Nature’s Calendar – 1st to 5th March – Frogspawn Wobbles Revisited

Frog from 2025

A series following the 72 British mini-seasons of Nature’s Calendar by Kiera Chapman, Lulah Ellender, Rowan Jaines and Rebecca Warren. 

Dear Readers, as you’ll know from yesterday’s post, the frogs are back in the pond and the first frogspawn has appeared. Every year since we put  the pond in in 2010 this little miracle has occurred, and it makes me so happy! In her piece in Nature’s Calendar, Lulah Ellender describes some of the feats that frogs need to perform in order to breed, and very impressive they are too.

As I’ve described before, many frogs hibernate at the bottom of my pond – in my experience it’s mostly the males who do this, so that they’re ready when the females return from further afield. Earlier this week, a lovely neighbour asked if I could help with a frog that had turned up in her (currently pondless) garden. This looks like a very pregnant female to me. By the time I arrived, she’d popped under the fence to the garden next door, which has a recently-installed pond. It will be interesting to see if she stays there or heads back towards my pond – every pond has a distinctive smell caused by the glycolic acid in the algae, which acts as a ‘beacon’ for the frogs to return home.

I’d often wondered how frogs (and toads) survived under water during the winter. Frogs can absorb oxygen through their skin, but also drink via ‘drinking patches’ on their thighs and abdomen which absorb water. Ellender reports that while doing a sonar survey of Loch Ness, researchers found a toad cheerfully walking along the bottom of the loch, nearly 100 metres below the surface.

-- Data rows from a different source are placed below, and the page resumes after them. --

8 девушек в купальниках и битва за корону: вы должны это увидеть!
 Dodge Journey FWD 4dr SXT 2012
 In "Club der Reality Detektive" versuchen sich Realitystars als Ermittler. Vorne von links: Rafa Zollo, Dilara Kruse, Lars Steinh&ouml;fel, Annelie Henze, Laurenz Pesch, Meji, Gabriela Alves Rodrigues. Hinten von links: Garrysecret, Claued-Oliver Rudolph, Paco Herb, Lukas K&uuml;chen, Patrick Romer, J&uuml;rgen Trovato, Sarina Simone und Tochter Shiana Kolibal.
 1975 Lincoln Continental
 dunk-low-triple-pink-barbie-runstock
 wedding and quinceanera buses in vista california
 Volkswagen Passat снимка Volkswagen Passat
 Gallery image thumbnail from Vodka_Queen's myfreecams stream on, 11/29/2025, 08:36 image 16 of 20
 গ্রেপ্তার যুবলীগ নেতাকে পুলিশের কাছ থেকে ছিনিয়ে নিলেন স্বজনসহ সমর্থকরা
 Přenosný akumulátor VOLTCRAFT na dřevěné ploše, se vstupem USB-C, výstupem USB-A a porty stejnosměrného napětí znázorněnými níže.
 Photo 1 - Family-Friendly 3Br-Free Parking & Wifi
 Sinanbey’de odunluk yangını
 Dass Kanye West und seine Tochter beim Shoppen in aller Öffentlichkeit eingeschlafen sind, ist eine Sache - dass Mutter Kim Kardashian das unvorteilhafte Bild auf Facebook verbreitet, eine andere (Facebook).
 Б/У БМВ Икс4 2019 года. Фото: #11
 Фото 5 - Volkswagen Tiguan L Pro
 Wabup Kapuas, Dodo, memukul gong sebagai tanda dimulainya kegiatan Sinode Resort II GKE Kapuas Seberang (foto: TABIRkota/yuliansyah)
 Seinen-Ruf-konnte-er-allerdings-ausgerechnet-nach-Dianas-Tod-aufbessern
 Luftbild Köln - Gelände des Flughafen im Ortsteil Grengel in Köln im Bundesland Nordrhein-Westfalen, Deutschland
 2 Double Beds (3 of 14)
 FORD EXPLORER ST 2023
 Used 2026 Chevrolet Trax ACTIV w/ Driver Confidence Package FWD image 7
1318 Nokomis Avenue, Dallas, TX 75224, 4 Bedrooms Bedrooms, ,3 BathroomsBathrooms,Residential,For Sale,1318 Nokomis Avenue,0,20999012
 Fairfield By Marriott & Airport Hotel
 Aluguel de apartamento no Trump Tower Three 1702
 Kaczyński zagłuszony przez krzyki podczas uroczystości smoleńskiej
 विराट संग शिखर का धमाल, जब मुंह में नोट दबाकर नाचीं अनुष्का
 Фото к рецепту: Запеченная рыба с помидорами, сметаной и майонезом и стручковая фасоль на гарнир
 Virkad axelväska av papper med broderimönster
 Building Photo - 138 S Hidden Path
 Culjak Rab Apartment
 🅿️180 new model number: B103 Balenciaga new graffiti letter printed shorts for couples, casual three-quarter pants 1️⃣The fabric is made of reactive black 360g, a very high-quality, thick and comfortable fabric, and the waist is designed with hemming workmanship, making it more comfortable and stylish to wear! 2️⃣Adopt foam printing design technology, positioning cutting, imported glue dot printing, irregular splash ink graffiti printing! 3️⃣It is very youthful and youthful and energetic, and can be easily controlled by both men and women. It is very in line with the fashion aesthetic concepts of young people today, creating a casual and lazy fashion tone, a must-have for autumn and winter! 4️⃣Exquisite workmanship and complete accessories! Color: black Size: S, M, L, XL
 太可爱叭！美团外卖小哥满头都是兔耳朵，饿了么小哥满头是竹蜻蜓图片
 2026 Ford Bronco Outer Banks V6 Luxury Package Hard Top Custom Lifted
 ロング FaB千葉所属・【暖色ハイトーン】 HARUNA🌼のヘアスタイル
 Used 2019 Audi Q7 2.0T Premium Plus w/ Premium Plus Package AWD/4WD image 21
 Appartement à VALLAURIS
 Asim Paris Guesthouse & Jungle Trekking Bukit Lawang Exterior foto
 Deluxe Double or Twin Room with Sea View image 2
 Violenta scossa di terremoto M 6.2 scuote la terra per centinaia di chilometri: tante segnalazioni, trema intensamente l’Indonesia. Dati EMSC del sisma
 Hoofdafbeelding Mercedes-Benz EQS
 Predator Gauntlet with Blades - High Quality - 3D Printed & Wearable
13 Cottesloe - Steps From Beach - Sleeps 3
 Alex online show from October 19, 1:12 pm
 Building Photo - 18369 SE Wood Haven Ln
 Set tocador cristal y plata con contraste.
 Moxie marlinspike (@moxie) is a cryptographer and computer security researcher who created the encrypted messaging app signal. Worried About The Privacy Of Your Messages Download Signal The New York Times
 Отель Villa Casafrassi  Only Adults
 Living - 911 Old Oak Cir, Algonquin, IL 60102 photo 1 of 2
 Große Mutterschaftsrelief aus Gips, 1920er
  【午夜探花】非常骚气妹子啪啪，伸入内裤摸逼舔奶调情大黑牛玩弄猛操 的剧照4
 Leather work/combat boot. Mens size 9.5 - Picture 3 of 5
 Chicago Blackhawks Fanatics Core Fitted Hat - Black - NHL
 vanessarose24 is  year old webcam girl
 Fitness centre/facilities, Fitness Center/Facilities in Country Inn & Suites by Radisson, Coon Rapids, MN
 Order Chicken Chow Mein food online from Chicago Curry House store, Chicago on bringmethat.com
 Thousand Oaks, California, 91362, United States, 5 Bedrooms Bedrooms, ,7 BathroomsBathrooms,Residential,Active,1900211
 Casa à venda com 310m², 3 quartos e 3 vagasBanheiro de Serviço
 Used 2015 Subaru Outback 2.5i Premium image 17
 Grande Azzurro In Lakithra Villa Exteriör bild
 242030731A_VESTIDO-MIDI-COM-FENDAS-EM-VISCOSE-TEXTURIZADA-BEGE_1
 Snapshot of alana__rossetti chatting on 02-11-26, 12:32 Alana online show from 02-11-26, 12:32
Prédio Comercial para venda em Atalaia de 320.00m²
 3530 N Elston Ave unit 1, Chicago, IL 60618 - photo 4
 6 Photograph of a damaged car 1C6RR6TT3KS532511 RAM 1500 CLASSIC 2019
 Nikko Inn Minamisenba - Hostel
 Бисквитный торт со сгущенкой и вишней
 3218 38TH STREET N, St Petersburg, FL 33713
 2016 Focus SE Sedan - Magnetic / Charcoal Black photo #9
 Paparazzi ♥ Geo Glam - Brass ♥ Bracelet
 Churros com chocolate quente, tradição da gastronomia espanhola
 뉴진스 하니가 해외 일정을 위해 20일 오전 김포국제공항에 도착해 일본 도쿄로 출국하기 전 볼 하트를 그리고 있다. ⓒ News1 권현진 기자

Sadly I’ve never had toads in my garden, but I always keep my fingers crossed. They can make journeys of up to thirty miles to return  to their natal ponds, and it’s estimated that a quarter of a million toads are squished on the roads en route. Hats off to the local people in many towns and villages who form ‘toad patrols’ and move the toads across the road.

Frogs tend to hibernate much closer to home (sensible creatures) and I’ve reported before how they arrive at the pond, look at the eager little faces of the males, who are all croaking their heads off, and then finally take the plunge. If the female is lucky, and isn’t drowned by all the enthusiastic males, she can lay up to four thousand eggs in one season, only a tiny proportion of which will survive. Everything seems to love a frogspawn breakfast, from the pond skaters who puncture the eggs to the dragonfly larvae who will also snare a tadpole, to the ducks who used to visit the community garden where I worked in Islington and eat it all up with apparent gusto. Somehow, some eggs survive, and will hatch in about three to four weeks. It takes about fourteen weeks for the frogs to turn into froglets, and on a wet day the garden can be alive with frogs the size of my fingernail, pinging in all directions.

Froglet on the move…

Ellender also mentions frog (or more specifically, toad) toxins in her piece. The glands behind the ears of a toad contain a toxin, which is hallucinogenic, and which can stop a human’s heart. No wonder that they are an active ingredient in fairy tale witches’ cauldrons – throwing a poor toad into boiling water would definitely cause the toxins to leach out and make a potentially damaging brew. Throughout the sixteenth century and beyond, women with knowledge of herbs and animals came under suspicion as witches, particularly if they were thought to have a close relationship with animals such as black cats, bats or toads. In 1582, a woman suspected of being a ‘witch’ had two toad ‘familiars’ called Tom and Robbyn. I could go on for hours about the fear that the male establishment had of women and women’s knowledge, but suffice it to say that there were 60,000 documented cases of people being executed as witches, the vast majority of them older women who were seen as acting ‘outside of social norms’. When we think about ‘kissing a frog’, many women might be better off if the animal stays as an amphibian rather than turning into a ‘handsome prince’.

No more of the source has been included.